** Opening MATERIAL FOR THE TASK block **

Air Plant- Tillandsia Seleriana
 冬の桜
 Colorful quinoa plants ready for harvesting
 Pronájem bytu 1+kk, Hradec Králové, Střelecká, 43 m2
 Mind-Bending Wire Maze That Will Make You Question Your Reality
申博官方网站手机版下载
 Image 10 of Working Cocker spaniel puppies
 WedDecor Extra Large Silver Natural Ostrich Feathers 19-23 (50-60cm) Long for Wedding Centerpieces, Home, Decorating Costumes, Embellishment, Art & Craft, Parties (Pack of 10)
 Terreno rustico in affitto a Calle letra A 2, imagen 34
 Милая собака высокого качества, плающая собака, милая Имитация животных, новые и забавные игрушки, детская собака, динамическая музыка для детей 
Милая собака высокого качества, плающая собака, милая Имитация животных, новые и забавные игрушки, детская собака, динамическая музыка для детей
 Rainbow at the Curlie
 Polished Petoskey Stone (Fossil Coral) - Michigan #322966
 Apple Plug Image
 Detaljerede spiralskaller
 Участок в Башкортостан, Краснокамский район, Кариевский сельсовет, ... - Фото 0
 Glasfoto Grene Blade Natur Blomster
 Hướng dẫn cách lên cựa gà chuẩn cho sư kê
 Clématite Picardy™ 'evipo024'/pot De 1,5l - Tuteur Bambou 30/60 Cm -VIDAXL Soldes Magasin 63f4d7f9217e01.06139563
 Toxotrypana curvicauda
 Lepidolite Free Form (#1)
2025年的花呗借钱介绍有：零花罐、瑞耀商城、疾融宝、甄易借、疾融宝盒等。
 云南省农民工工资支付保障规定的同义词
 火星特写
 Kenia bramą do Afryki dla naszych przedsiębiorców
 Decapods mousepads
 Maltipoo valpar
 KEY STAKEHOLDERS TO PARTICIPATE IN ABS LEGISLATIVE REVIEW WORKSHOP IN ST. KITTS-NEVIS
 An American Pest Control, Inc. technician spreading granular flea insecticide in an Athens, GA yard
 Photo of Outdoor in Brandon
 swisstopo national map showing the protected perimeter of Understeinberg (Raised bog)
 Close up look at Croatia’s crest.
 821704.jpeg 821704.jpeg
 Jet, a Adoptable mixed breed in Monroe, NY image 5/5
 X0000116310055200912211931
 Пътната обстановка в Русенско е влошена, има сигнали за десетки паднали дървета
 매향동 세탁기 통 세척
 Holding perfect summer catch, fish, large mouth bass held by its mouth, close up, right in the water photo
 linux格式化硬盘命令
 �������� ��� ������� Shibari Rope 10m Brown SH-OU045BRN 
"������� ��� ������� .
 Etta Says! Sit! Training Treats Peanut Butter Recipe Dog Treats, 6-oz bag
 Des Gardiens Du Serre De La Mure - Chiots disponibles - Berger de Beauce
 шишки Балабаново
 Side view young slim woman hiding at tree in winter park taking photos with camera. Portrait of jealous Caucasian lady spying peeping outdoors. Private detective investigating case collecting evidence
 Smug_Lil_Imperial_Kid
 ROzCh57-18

** Closing MATERIAL FOR THE TASK block **

The required output is the set of lines from the first line of the data through the line that contains "Image 10 of Working Cocker spaniel puppies", transcribed exactly.

**OUTPUT BELOW**:
Air Plant- Tillandsia Seleriana
 冬の桜
 Colorful quinoa plants ready for harvesting
 Pronájem bytu 1+kk, Hradec Králové, Střelecká, 43 m2
 Mind-Bending Wire Maze That Will Make You Question Your Reality
申博官方网站手机版下载
 Image 10 of Working Cocker spaniel puppies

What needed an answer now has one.